Nothing seemed to capture her interest. Not Judy Blume or R.L. Stine. Not Nancy Drew or even Harry Potter.
"I never read (books) till the middle of seventh grade," said Katie, 13, who, like many reluctant readers, ended up enrolled in an intensive reading class.
Then one day she discovered manga.
"It started as a joke," she said, telling the story about how she "stole" a friend's book for laughs. It was a Japanese graphic novel, the kind her good friend, Cassondra McIntyre, 13, always had her nose stuck in.
"I thought it was funny that you had to read the book from back to front," Katie said. "So I started reading it."
She hasn't stopped.
"I basically nab every manga book I can," she said.
The once reluctant reader is now a frequent visitor to the media center at Crews Lake Middle and the Hudson library, where popular titles such as Naruto, Ouran High School Host Club and Bleach share shelf space with more classic reads. She also spends extra time after school exploring the genre as a member of the school's Manga Club. Because of that, she said, her reading skills have improved markedly.

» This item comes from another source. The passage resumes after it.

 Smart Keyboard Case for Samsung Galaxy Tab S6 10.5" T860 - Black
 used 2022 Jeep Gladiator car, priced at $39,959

That's the kind of success story that Robin Borick is quick to crow about. While adults and others in the teaching field might dismiss manga as mere comic books with little educational merit, the Crews Lake Middle media specialist has seen the positive effect the books have.
"There's a lot of statistics that show how it increased the reading skills for students," said Borick, who also saw the benefits when she worked as a reading teacher at Wesley Chapel High. "It gets them into reading something, and then they become avid readers."
"I can't get over how widespread this is," said Borick, who also serves as sponsor of an after-school manga club at Crews Lake Middle. "Manga is the highest circulation for books checked out in the school library. Some kids will check out three a day."
"They are absolutely the hot item in our media center," said Melodie Oleson, media specialist at Sunlake High. "Our suggestion box is always filled with manga titles that are being requested."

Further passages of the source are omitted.